◆ **Problem**: Type each record below again, with the same words.

◆ **Input material**:
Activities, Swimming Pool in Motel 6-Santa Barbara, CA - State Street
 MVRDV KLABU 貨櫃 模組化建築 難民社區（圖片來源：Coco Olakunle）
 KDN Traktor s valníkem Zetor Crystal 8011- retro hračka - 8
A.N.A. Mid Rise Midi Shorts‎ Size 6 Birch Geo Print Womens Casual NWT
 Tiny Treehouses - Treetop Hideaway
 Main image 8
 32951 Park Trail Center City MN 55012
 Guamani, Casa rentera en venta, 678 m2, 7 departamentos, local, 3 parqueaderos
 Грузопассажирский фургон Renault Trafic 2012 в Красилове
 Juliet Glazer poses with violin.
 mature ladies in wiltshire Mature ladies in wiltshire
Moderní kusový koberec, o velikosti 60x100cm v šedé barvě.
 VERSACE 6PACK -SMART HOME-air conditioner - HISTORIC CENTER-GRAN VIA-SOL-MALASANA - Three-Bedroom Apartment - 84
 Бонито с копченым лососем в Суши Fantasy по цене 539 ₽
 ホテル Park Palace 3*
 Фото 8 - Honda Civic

◆ **Your solution**:
Activities, Swimming Pool in Motel 6-Santa Barbara, CA - State Street
 MVRDV KLABU 貨櫃 模組化建築 難民社區（圖片來源：Coco Olakunle）
 KDN Traktor s valníkem Zetor Crystal 8011- retro hračka - 8
A.N.A. Mid Rise Midi Shorts‎ Size 6 Birch Geo Print Womens Casual NWT
 Tiny Treehouses - Treetop Hideaway
 Main image 8
 32951 Park Trail Center City MN 55012
 Guamani, Casa rentera en venta, 678 m2, 7 departamentos, local, 3 parqueaderos
 Грузопассажирский фургон Renault Trafic 2012 в Красилове
 Juliet Glazer poses with violin.
 mature ladies in wiltshire Mature ladies in wiltshire
Moderní kusový koberec, o velikosti 60x100cm v šedé barvě.
 VERSACE 6PACK -SMART HOME-air conditioner - HISTORIC CENTER-GRAN VIA-SOL-MALASANA - Three-Bedroom Apartment - 84
 Бонито с копченым лососем в Суши Fantasy по цене 539 ₽
 ホテル Park Palace 3*
 Фото 8 - Honda Civic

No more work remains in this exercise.